Keywords: autonomic nervous system; hypothalamus; paraventricular nucleus; sympathetic nervous system; synaptic plasticity; synaptic transmission.

Fig. 1.

Top: sagittal section of the rat brain showing the location of the brain nuclei that have a major role in the regulation of the sympathetic vasomotor outflow by the hypothalamic paraventricular nucleus (PVN) under normal conditions. Bottom: flow diagram showing the inputs to, and outputs from, PVN presympathetic neurons that regulate the sympathetic vasomotor outflow under normal conditions. Note that under pathological conditions (e.g., hypertension, heart failure, or chronic intermittent hypoxia) or after sustained behavioral changes (e.g., exercise training) the activity of PVN presympathetic neurons may also be altered by other inputs. Arc, arcuate nucleus; MnPO, median preoptic nucleus; NTS, nucleus of the solitary tract; RVLM, rostral ventrolateral medulla; SFO, subfornical organ; OVLT, organum vasculosum lamina terminalis.

Fig. 2.

Imbalance of excitatory and inhibitory synaptic inputs to paraventricular nucleus (PVN) presympathetic neurons in the spontaneously hypertensive rat model.

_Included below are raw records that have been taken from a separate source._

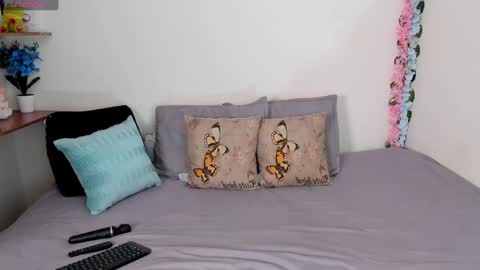 Snapshot of laura1__ chatting on February 8, 1:11 am laura1__ online show from February 8, 1:11 am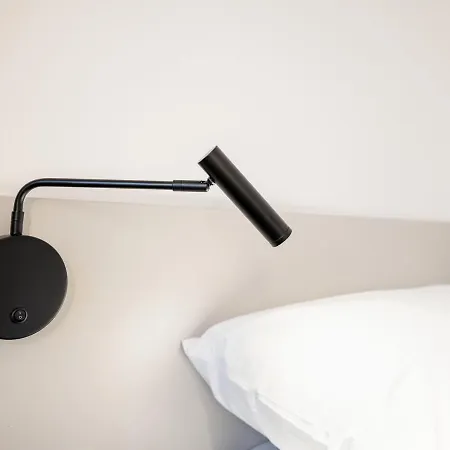 At - Late Arrival Self Check In * グラーツ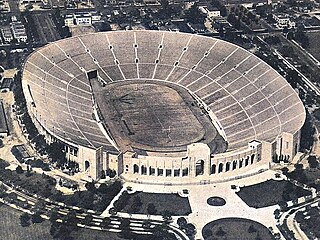 Na stadion v Los Angeles se velo neuvitelných 125 tisíc lidí.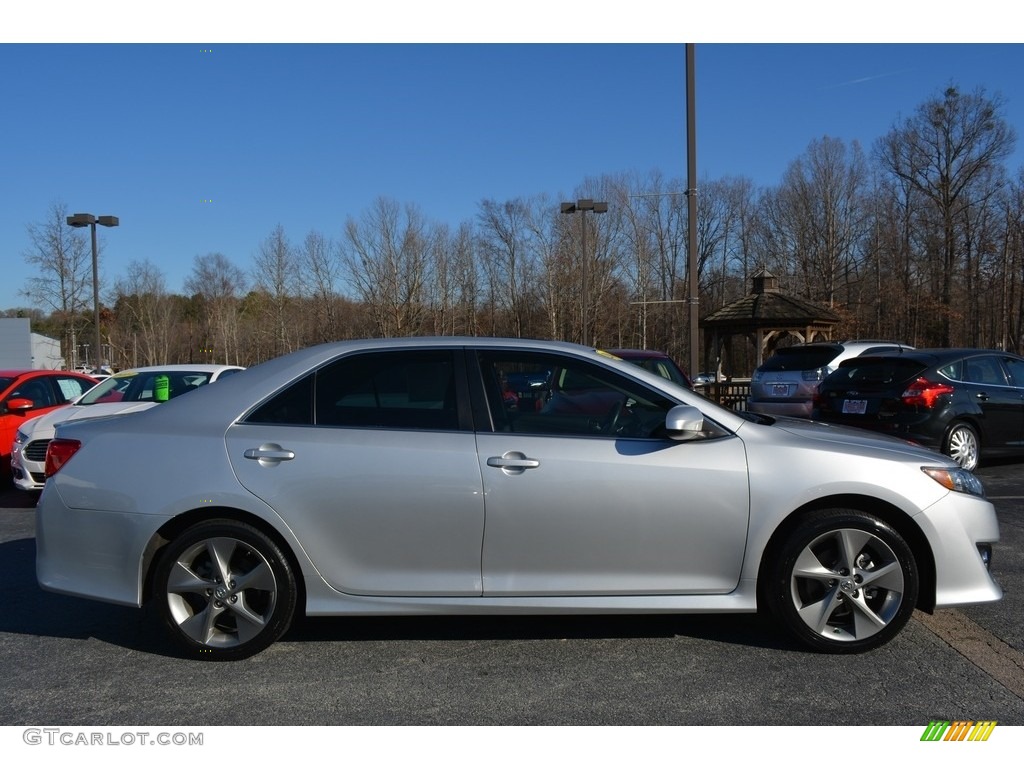 2014 Camry SE V6 - Classic Silver Metallic / Black/Ash photo #2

Impaired inhibitory GABAergic synaptic inputs include a depolarizing shift of GABA reversal potential due to Na⁺-K⁺-Cl⁻ cotransporter-1 (NKCC1) upregulation and reduced GABA_B receptor activity. Enhanced excitatory glutamatergic synaptic inputs include increased N-methyl-d-aspartate receptors (NMDAR)-mediated presynaptic glutamate release, increased activity of postsynaptic NMDARs and metabotropic glutamate receptor 5 (mGluR5), and a switch to Ca²⁺-permeable α-amino-3-hydroxy-5-methyl-4-isoxazolepropionic acid receptors (AMPARs). The impaired GABAergic and enhanced glutamatergic inputs lead to hyperactivity of PVN presympathetic neurons and heightened sympathetic vasomotor tone in hypertension. CK, casein kinase; CaMKII, Ca²⁺/calmodulin-dependent protein kinase II.

Fig. 3.

Effects of exercise training on the paraventricular nucleus (PVN) in spontaneously hypertensive rats (SHRs). Exercise training (T) decreases angiotensinogen immunoreactivity (Aogen ir; A) content and causes a prompt and maintained (from second up to eighth week of training) reduction on FITC-10 kDa (green) extravasation from capillaries (rhodamine-70 kDa, red) into the brain parenchyma (B). Simultaneous intracerebroventricular infusion of angiotensin II in trained SHRs blocks the beneficial effects of training observed in saline-infused SHRs (C) and augments microglia activation in the PVN (IBA1 immunoreactivity; D). [Modified from Chaar et al. (23) and Buttler et al. (17) with permission.]

Fig. 4.

Effects of a 2-wk exercise training (T) period on baroreceptor reflex control of heart rate (HR) in the spontaneously hypertensive rat (SHR) model. Right: sequential events induced by exercise training on local blood-brain barrier (BBB), the brain renin-angiotensin system, paraventricular nucleus intracellular signaling pathways, and neuronal activity-driven changes on baroreflex sensitivity (BrS). The baroreceptor function curve of sedentary normotensive rats (WKY-S) is shown for comparison. HR, heart rate [in beats/min (bpm)]; MAP, mean arterial pressure; Aogen ir, angiotensinogen immunoreactivity; PICs, proinflammatory cytokines; SNA, sympathetic nerve activity; PSNA, parasympathetic nerve activity; SAP, systolic arterial pressure; PI, pulse interval. *P < 0.05, vs. WKY-S; †P < 0.05, vs. SHR-S. [Modified from Masson et al. (116) with permission.]